“Je suis inquiet pour la sécurité de Miss France” : Le président de la société prend sa défense après la polémique autour de Charlie Hebdo

Publié le 13 janvier 2025 à 9:07
Betrand Noel / SIPA
C'est une polémique qui a déjà fait couler beaucoup d'encre. Angélique Angarni-Filopon, Miss France 2025, a été prise à partie après avoir refusé de donner son avis sur Charlie Hebdo. Frédéric Gilbert, président de la Société Miss France, a décidé de prendre la parole pour la défendre. 

Le 8 janvier dernier, Miss France 2025 était l’invitée de Valérie Expert et Gilles Ganzmann sur Sud Radio. Alors qu’il lui avait été demandé si elle était "Charlie", Angélique Angarni-Filopon n’a pas souhaité répondre et ce malgré l’insistance des chroniqueurs qui lui ont demandé ce qu’elle pensait de la liberté d’expression et le droit au blasphème. "Je ne veux pas me prononcer", avait-elle alors répondu. Depuis, cette réponse a fait couler beaucoup d’encre au point que la jeune femme a dû prendre la parole pour se justifier. "Peut-être que cela a été maladroit mais dans ma fonction de Miss France, je me dois une neutralité sur certains sujets pour éviter tout malentendu et susciter toute controverse", a-t-elle précisé. Et d’ajouter : "Mais je comprends que ma non-réaction sur ce sujet aussi sensible ait pu susciter autant de commentaires"
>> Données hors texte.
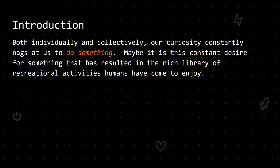The thing with humans is, even when our basic needs are met, we choose to do something instead of nothing. Both individually and collectively, our curiosity constantly nags at us to do something. Maybe it is this constant desire for something that has resulted in the rich library of recreational activities humans have come to enjoy.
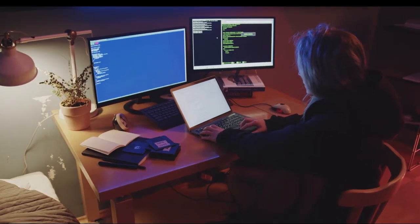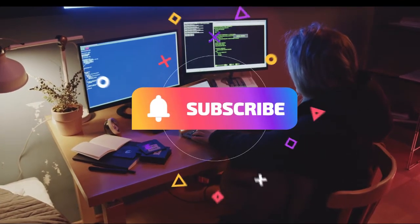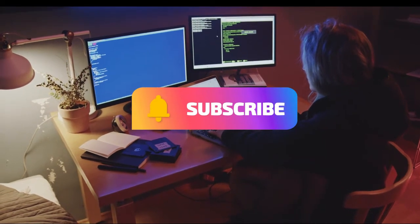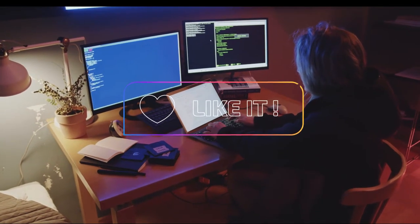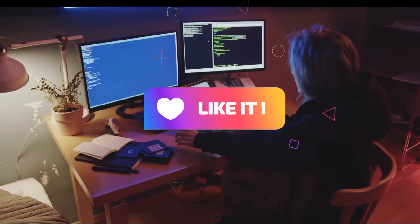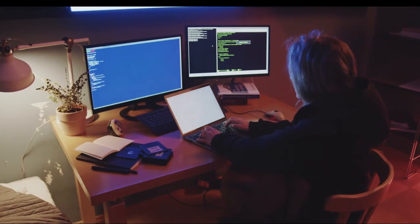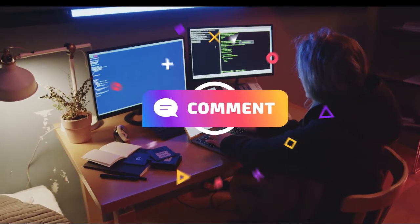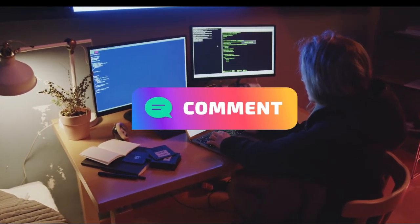Hello, welcome to our channel. If you're new, don't forget to subscribe, like, and comment. So let's get started with the new subject.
Frédéric Gilbert, président de la Société Miss France, prend la parole

Miss France 2025 a également ajouté que "cela serait une aberration de penser (qu’elle) puisse cautionner des actes aussi barbares et qui laissent des familles endeuillées". "Charlie Hebdo touche à des enjeux profonds et bien évidemment, la liberté d’expression est primordiale en France", avait-elle conclu. Dimanche 12 janvier, conscient de la vive polémique, Frédéric Gilbert, président de la Société Miss France, a décidé de prendre la parole auprès de nos confrères du Parisien. "Cette polémique est d’une violence inouïe. Elle va un peu loin. Il y a des gens qui peuvent tomber sur ce dessin et n’ont pas tous de l’humour. Je suis inquiet pour la sécurité de Miss France. C’est une vraie question que je me pose aujourd’hui. Tout est passionnel. Et quel que soit ce qu’Angélique aurait pu répondre, il y aurait eu une polémique, beaucoup lui seraient tombés dessus. Elle prend cher, elle prend beaucoup depuis le 14 décembre. À force de taper, ça blesse", a-t-il détaillé.

Un devoir de réserve 

Il a expliqué la réaction d’Angélique Angarni-Filopon et l’a justifiée. "D’abord, Angélique était encore dans une semaine médiatique post-règne, toujours un peu dans l’euphorie de son élection. Elle a été complètement prise au dépourvu par cette question et elle s’est mise en mode automatique comme on le lui demande : ne pas s’exprimer en tant que Miss France sur les sujets politiques et religieux. Elle n’a pas voulu non plus réagir à la mort de Jean-Marie Le Pen. C’est une demande de notre part. Certes, le concours a évolué, mais on en oublie que Miss France, c’est quand même du glamour, du rêve, et on peut porter des causes bien sûr, mais dès qu’on aborde un sujet clivant, c’est tout de suite catastrophique en termes d’agressivité", a expliqué le président de la société. 

S’il reconnait "une petite maladresse", il a tenu à rappeler que "les Miss France sont systématiquement agressées sur les réseaux sociaux". "Ce n’est pas parce qu’elles sont à l’aise, comme Angélique, qu’elles doivent donner un avis sur tout. Il y a un devoir de réserve", a-t-il fait savoir. Pourquoi évoquer une nouvelle fois le sujet alors ? "Parce que c’est Angélique, mais aussi l’institution Miss France qui est attaquée, et que je me dois de répondre, soutien le boss des Miss. Je la défends et j’explique aussi pourquoi on se retrouve dans cette situation", a-t-il conclu.